Ohim bercerita: “Ya,
seorang yang gagah perkasa itu. Batu penutup gua yang besar sekali dipukul:
bumm! Hancur. Ia keluar dari tahanan dan mengejar dua orang penjahat yang telah
merampok sebuah bank. Mereka pandai, licik, dan mempunyai senjata ampuh. Tetapi
oleh Superman dihajar: buuk, buuk! Mereka ditangkap dan dibawa terbang. Eh, si
penjahat tidak takut dijatuhkan, mereka masih mengadakan perlawanan. Oleh
Superman kepala mereka diadukan: duuk! Kedua penjahat pingsan. Mereka
diserahkan kepada polisi.” Ohim mengingat dan urut dalam menceritaka ulang
komik. Superman memang idola bocah-remaja di dunia. Pembaca jangan lekas curiga
bahwa Ohim memilih hero Amerika Serikat ketimbang hero-hero di Indonesia. Ohim
dan teman-teman pun mengenali para hero dalam wayang dan cerita rakyat.
Pemberian
penggalan-penggalan cerita ke teman-teman diniatkan agar mereka penasaran. Nah,
penasaran itu membuat teman-teman berhak bergantian meminjam dan membaca buku.

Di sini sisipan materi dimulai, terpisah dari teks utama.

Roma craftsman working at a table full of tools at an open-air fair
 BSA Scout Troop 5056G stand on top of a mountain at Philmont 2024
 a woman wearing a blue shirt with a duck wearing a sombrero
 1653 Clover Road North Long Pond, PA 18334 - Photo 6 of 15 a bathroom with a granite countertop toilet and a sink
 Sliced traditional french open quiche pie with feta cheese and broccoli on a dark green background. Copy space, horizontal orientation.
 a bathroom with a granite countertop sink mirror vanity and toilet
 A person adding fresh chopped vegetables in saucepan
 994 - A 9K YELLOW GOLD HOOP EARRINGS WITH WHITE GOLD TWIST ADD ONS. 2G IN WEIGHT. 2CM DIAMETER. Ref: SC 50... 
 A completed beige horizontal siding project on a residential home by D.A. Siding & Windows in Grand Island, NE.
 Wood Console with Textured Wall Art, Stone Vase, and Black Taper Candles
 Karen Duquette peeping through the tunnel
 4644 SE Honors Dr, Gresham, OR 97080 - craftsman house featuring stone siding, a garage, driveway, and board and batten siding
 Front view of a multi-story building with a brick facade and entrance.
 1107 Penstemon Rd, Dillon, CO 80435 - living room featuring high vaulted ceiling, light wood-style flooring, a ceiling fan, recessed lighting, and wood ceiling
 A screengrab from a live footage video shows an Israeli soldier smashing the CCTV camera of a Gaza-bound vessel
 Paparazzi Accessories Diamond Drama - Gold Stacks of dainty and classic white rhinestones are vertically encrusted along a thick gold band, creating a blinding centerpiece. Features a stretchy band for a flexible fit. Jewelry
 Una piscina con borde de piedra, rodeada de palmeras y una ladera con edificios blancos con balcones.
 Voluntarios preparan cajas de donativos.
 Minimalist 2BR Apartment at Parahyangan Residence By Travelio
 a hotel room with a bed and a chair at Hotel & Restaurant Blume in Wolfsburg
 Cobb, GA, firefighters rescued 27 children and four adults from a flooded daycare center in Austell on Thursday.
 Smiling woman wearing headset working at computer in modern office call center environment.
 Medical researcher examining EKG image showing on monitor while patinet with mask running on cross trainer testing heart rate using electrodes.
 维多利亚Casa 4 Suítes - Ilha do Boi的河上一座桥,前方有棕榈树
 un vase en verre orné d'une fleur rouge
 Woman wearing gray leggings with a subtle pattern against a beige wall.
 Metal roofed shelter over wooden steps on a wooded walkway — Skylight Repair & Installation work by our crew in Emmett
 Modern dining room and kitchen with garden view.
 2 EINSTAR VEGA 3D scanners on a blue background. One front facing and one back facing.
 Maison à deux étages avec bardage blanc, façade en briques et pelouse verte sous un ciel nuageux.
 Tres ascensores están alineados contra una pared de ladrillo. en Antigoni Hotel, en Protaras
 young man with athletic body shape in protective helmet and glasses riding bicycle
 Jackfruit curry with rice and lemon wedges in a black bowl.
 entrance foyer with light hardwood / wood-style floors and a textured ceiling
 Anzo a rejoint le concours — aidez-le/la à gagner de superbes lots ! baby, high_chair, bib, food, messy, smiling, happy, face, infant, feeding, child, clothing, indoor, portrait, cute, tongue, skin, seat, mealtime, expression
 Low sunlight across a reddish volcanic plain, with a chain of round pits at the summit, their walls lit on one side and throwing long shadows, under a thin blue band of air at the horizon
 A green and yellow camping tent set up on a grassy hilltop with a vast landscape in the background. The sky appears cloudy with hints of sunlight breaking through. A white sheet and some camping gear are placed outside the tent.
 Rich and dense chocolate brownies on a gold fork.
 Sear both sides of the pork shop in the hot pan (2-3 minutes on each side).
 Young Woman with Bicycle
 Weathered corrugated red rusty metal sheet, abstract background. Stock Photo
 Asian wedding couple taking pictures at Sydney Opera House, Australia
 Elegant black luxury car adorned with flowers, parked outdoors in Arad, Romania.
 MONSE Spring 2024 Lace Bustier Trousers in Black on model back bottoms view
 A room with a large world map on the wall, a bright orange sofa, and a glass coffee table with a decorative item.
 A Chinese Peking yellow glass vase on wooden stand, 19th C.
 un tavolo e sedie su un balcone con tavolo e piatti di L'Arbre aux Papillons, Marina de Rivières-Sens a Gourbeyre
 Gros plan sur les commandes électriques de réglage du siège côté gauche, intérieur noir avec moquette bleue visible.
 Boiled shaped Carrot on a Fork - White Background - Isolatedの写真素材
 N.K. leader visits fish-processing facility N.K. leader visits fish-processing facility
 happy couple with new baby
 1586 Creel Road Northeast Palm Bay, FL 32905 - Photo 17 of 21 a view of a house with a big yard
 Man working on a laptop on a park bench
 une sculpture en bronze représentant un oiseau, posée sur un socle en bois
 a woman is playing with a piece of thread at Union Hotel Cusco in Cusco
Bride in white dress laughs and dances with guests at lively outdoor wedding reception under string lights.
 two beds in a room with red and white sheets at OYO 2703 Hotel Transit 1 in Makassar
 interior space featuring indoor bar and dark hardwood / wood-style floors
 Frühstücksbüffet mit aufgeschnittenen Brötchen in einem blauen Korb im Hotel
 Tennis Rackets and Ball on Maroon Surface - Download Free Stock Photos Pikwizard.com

Mereka pasti puas jika membaca sendiri. Ohim bertugas memicu penasaran. Masalah
besar adalah jumlah mereka. Ohim ingin ada taman baca memiliki koleksi ratusan
buku. Beragam buku boleh dibaca oleh teman-teman, tak wajib buku pelajaran.
Teman-teman mungkin sudah bosan membaca buku pelajaran.
Kita bergerak jauh ke
masa berbeda. Di Kompas, 20 Mei 2019,
kita membaca berita bertema membaca buku. “Gerakan literasi tidak akan berhasil
tanpa mengajak anak atau siswa menyukai buku. Melalui metode membaca ekstensif,
anak sejak dini diajak menyukai buku dan menganggap buku sebagai sumber hiburan
dan inspirasi,” tulis di Kompas.
Membaca ekstensif diartikan murid membaca tanpa beban. Lho! Murid dibebaskan
memilih buku, majalah, atau koran untuk dibaca. Murid tak memiliki kewajiban
menceritakan ulang atau menghapal demi pemenuhan nilai-nilai akademik.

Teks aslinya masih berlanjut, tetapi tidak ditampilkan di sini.